Has HavenCo's Data Haven Shut Down? 287
secmartin writes "HavenCo, the self-proclaimed data haven located on the micronation Sealand, appears to be offline. Their website is down, and there have been no announcements from either HavenCo or Sealand. HavenCo has been covered here before; it was mostly known for offering hosting of content that might be illegal in other countries. Does anyone have news about what happened to them?"
Well, some really rich person (Score:2, Insightful)
Deal between HavenCo and Sealand (Score:5, Insightful)
HavenCo has to pay Sealand considerable amount to keep the business running there. Therefore, the recently financial crisis would hit HavenCo badly.
Re:Sea Boundaries (Score:4, Insightful)
Sovereignty is independent of any court. That's what sovereignty means: you are not beholden to or dependent on another power. As such, the test of sovereignty is quite simple: can you fight off any attempt to deny your sovereignty ? If yes, you're sovereign; if not, you're not.

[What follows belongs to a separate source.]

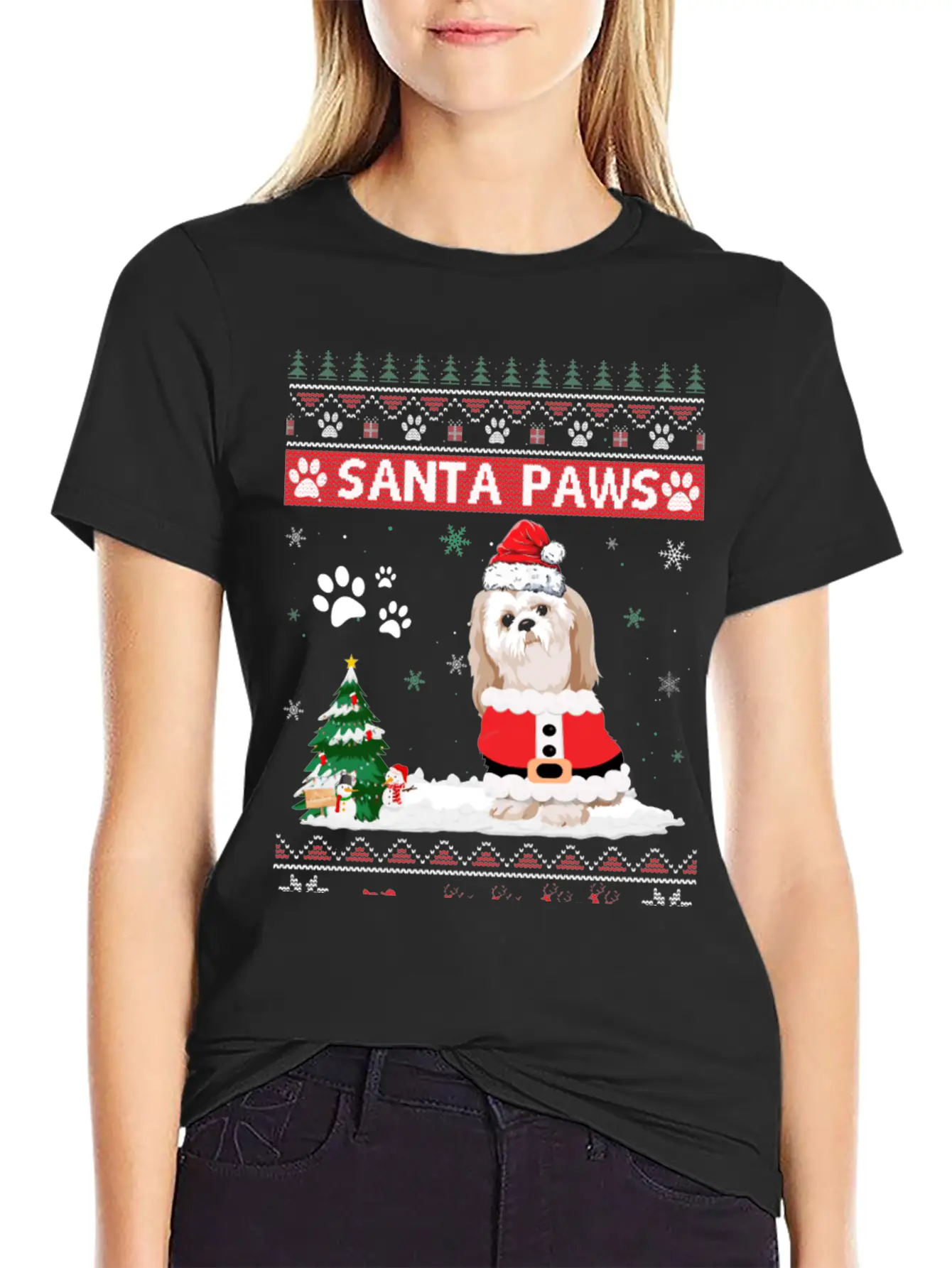 Santa Paws Shih Tzu Merry Christmas Dog Funny Xmas Casual Graphic T-Shirt – Simple And Comfortable Daily Wear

Since Sealand quite obviously has no chance in Hell in fighting off Great Britain, they're not sovereign. They might gain some manoeuvring room by skilful use of legal tactics, but the very fact of needing the help of a British court and law to keep from getting crushed like an ant also means that they're beholden to it. You can't be dependent on and independent of the same thing at the same time.
Sealand gets shut down as soon as they annoy someone enough that they'll bother.

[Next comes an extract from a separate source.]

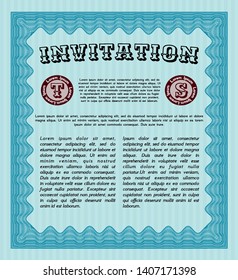 Light blue Formal invitation template. With linear background. Customizable, Easy to edit and change colors. Artistry design. 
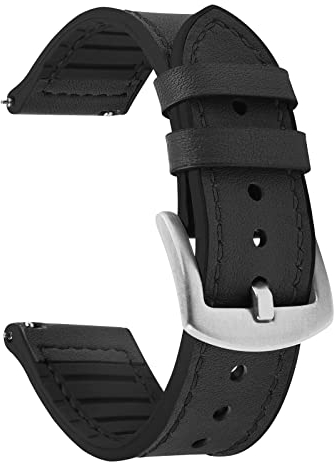 Fullmosa 22mm Correa Reloj Cuero y Silicona,Pulsera Reloj Híbridas de paraGarmin Forerunner 255/Venu 3/2/Vivoactive 4(45mm);Samsung Gear S3 Classic/Frontie/Galaxy Watch 46mm/Watch 3 45mm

Re:So, if Sealand isn't part of the UK... (Score:4, Insightful)
Re:Sea Boundaries (Score:3, Insightful)
The irony is that both governments are run by the same party (Democrats), and yet they still can't get along with one another.
That's not too surprising. Both major parties in the US are marriages of convenience between groups with wildly different views. The same can be said of the major parties in the UK, and probably in any effectively two-party or three-party state. In fact, given the frequency of party splits in countries with proportional representation it may well be true of any political party in the world with more than 100 members.
Re:Sea Boundaries (Score:5, Insightful)
Well, by that argument, most of the countries in the Middle East and Africa haven't got a snowflake's chance in hell of fighting off either the US, Russia or China. By that yard stick, they aren't sovereign either.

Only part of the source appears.